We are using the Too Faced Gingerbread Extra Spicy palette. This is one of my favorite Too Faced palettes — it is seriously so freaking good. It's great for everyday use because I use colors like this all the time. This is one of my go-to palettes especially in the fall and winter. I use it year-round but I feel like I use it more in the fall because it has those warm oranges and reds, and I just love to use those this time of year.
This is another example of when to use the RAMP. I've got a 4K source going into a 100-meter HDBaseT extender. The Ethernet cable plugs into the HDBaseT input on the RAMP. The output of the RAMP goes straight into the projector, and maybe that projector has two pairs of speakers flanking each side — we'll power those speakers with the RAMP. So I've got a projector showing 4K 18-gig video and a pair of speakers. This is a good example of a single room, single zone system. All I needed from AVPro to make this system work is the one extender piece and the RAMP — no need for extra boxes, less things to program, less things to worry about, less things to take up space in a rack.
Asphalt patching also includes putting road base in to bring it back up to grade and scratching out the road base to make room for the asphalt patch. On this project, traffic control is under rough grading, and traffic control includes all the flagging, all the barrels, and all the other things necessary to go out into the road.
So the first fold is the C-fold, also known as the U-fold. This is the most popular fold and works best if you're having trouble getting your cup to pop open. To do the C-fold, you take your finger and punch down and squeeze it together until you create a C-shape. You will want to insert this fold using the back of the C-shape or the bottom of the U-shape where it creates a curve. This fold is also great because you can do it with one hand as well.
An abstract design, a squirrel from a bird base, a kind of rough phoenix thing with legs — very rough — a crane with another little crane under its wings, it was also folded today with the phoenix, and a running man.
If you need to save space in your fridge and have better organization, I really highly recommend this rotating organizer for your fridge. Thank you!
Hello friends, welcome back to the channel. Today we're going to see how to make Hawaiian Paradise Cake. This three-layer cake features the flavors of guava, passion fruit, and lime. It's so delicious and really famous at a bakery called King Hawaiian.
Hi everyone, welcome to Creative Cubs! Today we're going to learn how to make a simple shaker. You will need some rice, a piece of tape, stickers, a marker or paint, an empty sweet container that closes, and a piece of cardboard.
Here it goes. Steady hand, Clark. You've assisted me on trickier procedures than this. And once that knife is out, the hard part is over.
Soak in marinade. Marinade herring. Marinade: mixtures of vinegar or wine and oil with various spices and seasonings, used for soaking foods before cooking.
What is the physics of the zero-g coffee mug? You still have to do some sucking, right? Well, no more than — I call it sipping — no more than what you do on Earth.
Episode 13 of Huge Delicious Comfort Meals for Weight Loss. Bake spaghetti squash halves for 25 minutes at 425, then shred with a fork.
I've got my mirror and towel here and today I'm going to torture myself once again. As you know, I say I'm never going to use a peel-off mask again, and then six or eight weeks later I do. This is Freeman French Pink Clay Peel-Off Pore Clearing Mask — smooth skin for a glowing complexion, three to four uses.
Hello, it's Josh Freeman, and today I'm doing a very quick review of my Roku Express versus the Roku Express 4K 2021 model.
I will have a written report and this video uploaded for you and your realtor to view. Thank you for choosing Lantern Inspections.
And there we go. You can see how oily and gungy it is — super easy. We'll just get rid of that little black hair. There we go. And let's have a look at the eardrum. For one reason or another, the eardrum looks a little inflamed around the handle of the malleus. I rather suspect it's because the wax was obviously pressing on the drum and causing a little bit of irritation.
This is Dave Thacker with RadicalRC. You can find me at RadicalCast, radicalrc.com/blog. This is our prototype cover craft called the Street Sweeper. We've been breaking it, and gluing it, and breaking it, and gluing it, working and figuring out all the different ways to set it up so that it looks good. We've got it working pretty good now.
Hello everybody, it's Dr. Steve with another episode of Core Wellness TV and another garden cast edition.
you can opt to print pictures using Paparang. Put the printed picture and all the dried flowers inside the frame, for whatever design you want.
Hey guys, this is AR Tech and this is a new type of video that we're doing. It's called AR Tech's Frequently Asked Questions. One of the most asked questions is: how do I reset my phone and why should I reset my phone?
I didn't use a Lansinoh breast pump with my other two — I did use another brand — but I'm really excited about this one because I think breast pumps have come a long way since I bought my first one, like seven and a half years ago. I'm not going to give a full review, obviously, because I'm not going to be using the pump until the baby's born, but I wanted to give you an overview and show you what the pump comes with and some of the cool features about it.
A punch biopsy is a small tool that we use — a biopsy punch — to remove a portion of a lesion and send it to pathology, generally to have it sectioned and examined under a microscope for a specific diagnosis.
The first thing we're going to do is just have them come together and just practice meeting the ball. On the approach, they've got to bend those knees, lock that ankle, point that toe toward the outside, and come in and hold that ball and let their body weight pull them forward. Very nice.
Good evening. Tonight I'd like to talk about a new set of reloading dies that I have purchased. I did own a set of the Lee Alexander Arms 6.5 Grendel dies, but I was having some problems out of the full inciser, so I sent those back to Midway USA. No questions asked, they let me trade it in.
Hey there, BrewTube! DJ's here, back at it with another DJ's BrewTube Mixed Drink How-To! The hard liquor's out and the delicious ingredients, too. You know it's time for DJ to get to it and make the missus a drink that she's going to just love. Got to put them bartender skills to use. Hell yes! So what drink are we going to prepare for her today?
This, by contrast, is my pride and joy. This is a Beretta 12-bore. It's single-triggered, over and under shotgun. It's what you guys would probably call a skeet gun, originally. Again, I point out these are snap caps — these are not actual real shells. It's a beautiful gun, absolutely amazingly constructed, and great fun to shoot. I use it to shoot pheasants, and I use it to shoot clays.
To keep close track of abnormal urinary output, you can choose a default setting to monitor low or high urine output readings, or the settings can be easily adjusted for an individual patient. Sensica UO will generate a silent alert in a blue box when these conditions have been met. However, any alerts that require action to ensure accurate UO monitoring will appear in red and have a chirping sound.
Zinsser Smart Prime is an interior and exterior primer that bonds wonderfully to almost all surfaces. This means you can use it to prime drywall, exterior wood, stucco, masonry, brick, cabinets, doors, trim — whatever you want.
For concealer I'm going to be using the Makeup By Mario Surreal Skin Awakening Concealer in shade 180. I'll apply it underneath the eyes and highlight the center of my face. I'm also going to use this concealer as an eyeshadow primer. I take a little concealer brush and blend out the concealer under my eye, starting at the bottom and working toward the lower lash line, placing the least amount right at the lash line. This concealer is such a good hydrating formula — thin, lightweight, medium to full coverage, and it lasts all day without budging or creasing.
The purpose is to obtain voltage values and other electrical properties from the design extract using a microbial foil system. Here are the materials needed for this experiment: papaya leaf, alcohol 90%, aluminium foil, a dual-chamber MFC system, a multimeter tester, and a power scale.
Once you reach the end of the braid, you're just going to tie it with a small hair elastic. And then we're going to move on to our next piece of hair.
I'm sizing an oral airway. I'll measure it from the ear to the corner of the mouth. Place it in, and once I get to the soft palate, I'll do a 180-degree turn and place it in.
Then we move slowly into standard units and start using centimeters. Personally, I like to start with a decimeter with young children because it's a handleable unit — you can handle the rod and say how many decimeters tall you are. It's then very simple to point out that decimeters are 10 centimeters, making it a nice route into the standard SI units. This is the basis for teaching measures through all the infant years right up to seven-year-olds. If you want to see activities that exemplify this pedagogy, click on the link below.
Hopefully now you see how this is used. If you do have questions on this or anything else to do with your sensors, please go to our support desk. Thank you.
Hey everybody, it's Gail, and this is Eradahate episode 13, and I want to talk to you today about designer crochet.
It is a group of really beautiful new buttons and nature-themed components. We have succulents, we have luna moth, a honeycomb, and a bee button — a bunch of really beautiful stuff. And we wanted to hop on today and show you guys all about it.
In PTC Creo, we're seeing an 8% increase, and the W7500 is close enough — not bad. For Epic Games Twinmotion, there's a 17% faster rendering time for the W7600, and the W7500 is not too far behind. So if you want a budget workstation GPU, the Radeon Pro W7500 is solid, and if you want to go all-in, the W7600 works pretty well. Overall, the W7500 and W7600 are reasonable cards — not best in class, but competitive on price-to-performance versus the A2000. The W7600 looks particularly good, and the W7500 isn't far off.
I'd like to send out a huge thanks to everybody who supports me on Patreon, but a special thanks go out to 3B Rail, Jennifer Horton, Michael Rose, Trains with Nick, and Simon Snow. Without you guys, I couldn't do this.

__________________________________________________

> **WHAT TO WORK ON**: Search the listing above for the lines with "Hey there, BrewTube!" and "For concealer I'm", then output those lines and all lines between them exactly.

> **REPLY**:
Hey there, BrewTube! DJ's here, back at it with another DJ's BrewTube Mixed Drink How-To! The hard liquor's out and the delicious ingredients, too. You know it's time for DJ to get to it and make the missus a drink that she's going to just love. Got to put them bartender skills to use. Hell yes! So what drink are we going to prepare for her today?
This, by contrast, is my pride and joy. This is a Beretta 12-bore. It's single-triggered, over and under shotgun. It's what you guys would probably call a skeet gun, originally. Again, I point out these are snap caps — these are not actual real shells. It's a beautiful gun, absolutely amazingly constructed, and great fun to shoot. I use it to shoot pheasants, and I use it to shoot clays.
To keep close track of abnormal urinary output, you can choose a default setting to monitor low or high urine output readings, or the settings can be easily adjusted for an individual patient. Sensica UO will generate a silent alert in a blue box when these conditions have been met. However, any alerts that require action to ensure accurate UO monitoring will appear in red and have a chirping sound.
Zinsser Smart Prime is an interior and exterior primer that bonds wonderfully to almost all surfaces. This means you can use it to prime drywall, exterior wood, stucco, masonry, brick, cabinets, doors, trim — whatever you want.
For concealer I'm going to be using the Makeup By Mario Surreal Skin Awakening Concealer in shade 180. I'll apply it underneath the eyes and highlight the center of my face. I'm also going to use this concealer as an eyeshadow primer. I take a little concealer brush and blend out the concealer under my eye, starting at the bottom and working toward the lower lash line, placing the least amount right at the lash line. This concealer is such a good hydrating formula — thin, lightweight, medium to full coverage, and it lasts all day without budging or creasing.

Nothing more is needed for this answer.